Certes, le plan était bon, son exécution a été plus laborieuse : la thèse du changement d'avis en deux heures (pas candidate en entrant sur le plateau, candidate en en sortant) n'a pas été des plus convaincantes. 

A tel point que sur les réseaux sociaux, les esprits les plus critiques ont immédiatement dressé des parallèles avec les annonces de candidature ratées dans l'histoire. Quelles sont-elles ? Allons fouiller les archives. Impossible de ne pas évoquer Édouard Balladur en 1995, sous les ors de Matignon : 

Le Premier ministre de cohabitation (1993-1995) voulait s'appuyer ainsi sur son bilan pour conquérir l’Élysée. Mais son bilan fut son boulet, et cette allocution depuis son bureau l'étiqueta comme le candidat sortant. Il fut d'ailleurs bien vite sorti. 

La France au fond des yeux

Les entrées en campagne depuis les territoires, comme l'on dit, semblent plus efficaces : c'est François Hollande en 2011 depuis la Corrèze. C'est Valéry Giscard d'Estaing, qui veut "regarder la France au fond des yeux", depuis Chamalières, dans le Puy-de-Dôme. Des candidatures incarnées, humaines, collectives, racontent les images. 
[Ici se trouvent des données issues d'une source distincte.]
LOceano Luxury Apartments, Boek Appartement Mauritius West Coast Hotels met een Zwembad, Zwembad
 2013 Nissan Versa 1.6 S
Ce fut l'effet inverse que provoqua Lionel Jospin, avec sa déclaration par un simple fax à l'Agence France Presse. L'initiative fut jugée impersonnelle, administrative et distante. Même si, soyons honnêtes, l'on révise toujours a posteriori le jugement à la lueur du résultat des urnes. 

Toujours est-il qu'aucun candidat majeur n'a encore fait sa déclaration sur Twitter, ce qui serait un peu la version 2019 du fax jospinien. 

Quel est la bonne méthode, quel est le bon calendrier ? De Gaulle en 1965, Mitterrand en 1988 s'y prennent tard, un mois avant le premier tour. Ils sont chefs d'état en exercice et veulent montrer qu'ils sont jusqu'au bout dévoués à leurs fonctions, loin du fracas électoral :

Mais se déclarer trop tôt peut être risqué. En 1974, Jacques Chaban-Delmas s'empressa de se mettre sur les rangs. Seulement quelques jours après le décès du président Georges Pompidou : 

Trop empressé, donc maladroit, Chaban-Delmas se mit à dos une partie de ces fameux "amis de l'UDR"... 

Revenons-en à Nathalie Loiseau. Peu d'antécédents, somme toute, à ce type de candidature "coup de théâtre en direct". 

Les semaines qui viennent diront si elle complète la liste des méthodes à éviter, ou bien si les réactions amusées ont au moins servi à faire parler de cette tentative, à installer cette candidature auprès des électeurs et du grand public. Car en la matière, rien n'est pire que l'indifférence.